Information shown:
#####
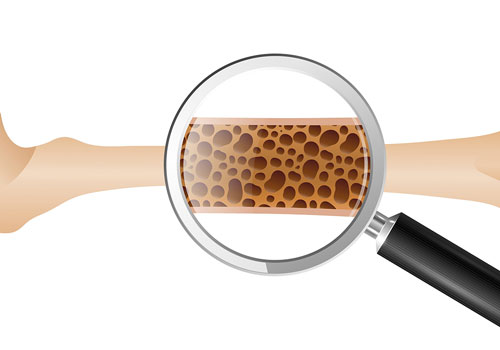 Osteoporosis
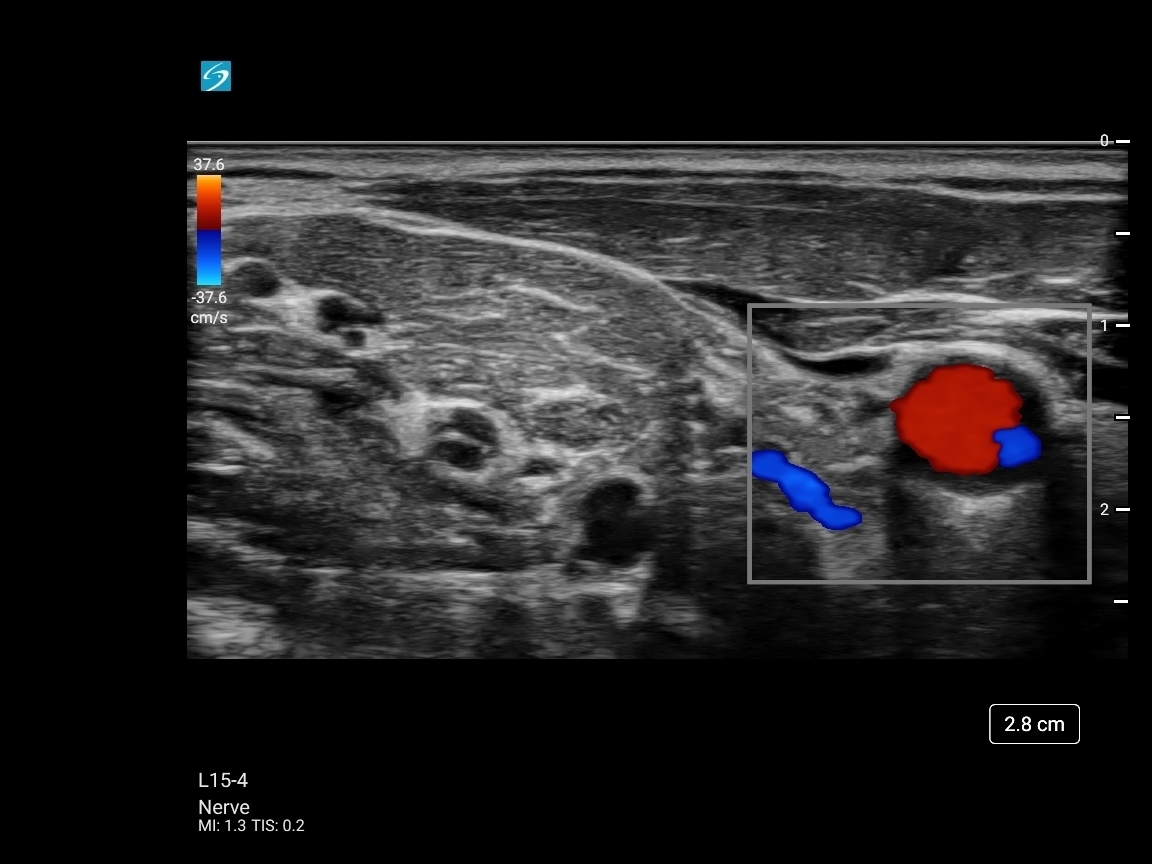 Sonosite ST - Görsel 4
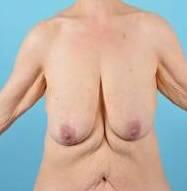 Breast Lift Before & After Image Patient 27508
#####
What is expected: Leave the pictures aside and print exactly, and only, the lines from the one with "Sonosite ST - Görsel 4" through the end of the data, both included.

Exercise solution:
 Sonosite ST - Görsel 4
 Breast Lift Before & After Image Patient 27508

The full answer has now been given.